To download the raw .json file from SODA API (omit logger_object lets pretend it's print())

import requests
params = {
        "$limit": geospatial_batch_size, #i.e. 50_000
        "$$app_token": config.get("api-settings", "app_token")
    }
    response = requests.get(api_url, params=params)
    if response.status_code == 200:
        data = response.json()
        if not data:
            logger_object.info("No data found, please check the API connection.")
            sys.exit()
        with open("{0}/nyc_zone_districts_data.json".format(geospatial_data_storage), "w") as f:
            json.dump(data, f, indent=4)
    else:
        logger_object.error("API request failed.")
        logger_object.error("Error: {0}".format(response.status_code))
        logger_object.error(response.text)

Solution

  • I have eventually found a solution for this problem. As already described I am flattening the list of coordinates (a.k.a Points). A point in geospatial data is a (x,y) coordinate. Thus, a MultiPolygon is a combination of multiple Points.

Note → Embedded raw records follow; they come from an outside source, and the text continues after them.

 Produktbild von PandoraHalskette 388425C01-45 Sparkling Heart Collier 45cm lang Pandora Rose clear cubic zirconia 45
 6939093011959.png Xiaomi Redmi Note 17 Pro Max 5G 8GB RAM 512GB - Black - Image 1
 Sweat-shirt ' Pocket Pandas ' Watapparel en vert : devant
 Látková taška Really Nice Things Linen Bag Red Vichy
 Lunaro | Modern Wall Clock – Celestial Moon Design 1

    def flatten_list_of_lists(data) -> list:
        return [subitem2 for subitem1 in data for subitem2 in subitem1]
    

    , this abovementioned function is important because the object data used as input argument is of type [list[list[list[f64]]]] and a MultiPolygon has a specific cardinality level per point.

    Then I transform its flattened list to a MultiPolygon object using shapely

    from shapely.geometry import Polygon, MultiPolygon, Point
    def transform_polygons_to_multipolygons(flat_list:list) -> list:
        return [ MultiPolygon( [Polygon(coord) for coord in polygon]).wkt for polygon in  flat_list]
    

    You will notice that after creating each MultiPolygon object I save it to WKT format (thus as a string).

    Finally, I compute the area of the multipolygon

    from shapely import wkt
    def compute_geo_areas(multipolygons:MultiPolygon) -> float:
        return wkt.loads(multipolygons).area
    

    The final code

    flattened_lists:list = [flatten_list_of_lists(row) for row in df_geo["coordinates"].to_list()]
    multipolygons:list = transform_polygons_to_multipolygons(flattened_lists)
    
    df_geo = df_geo.with_columns(pl.Series("multipolygons", multipolygons)) \
    .with_columns(polygon_area=pl.col("multipolygons").map_elements(compute_geo_areas)) \
    .drop("coordinates")
    

    , where df_geo is the Polars DataFrame loaded from the JSON file attached on the SO question.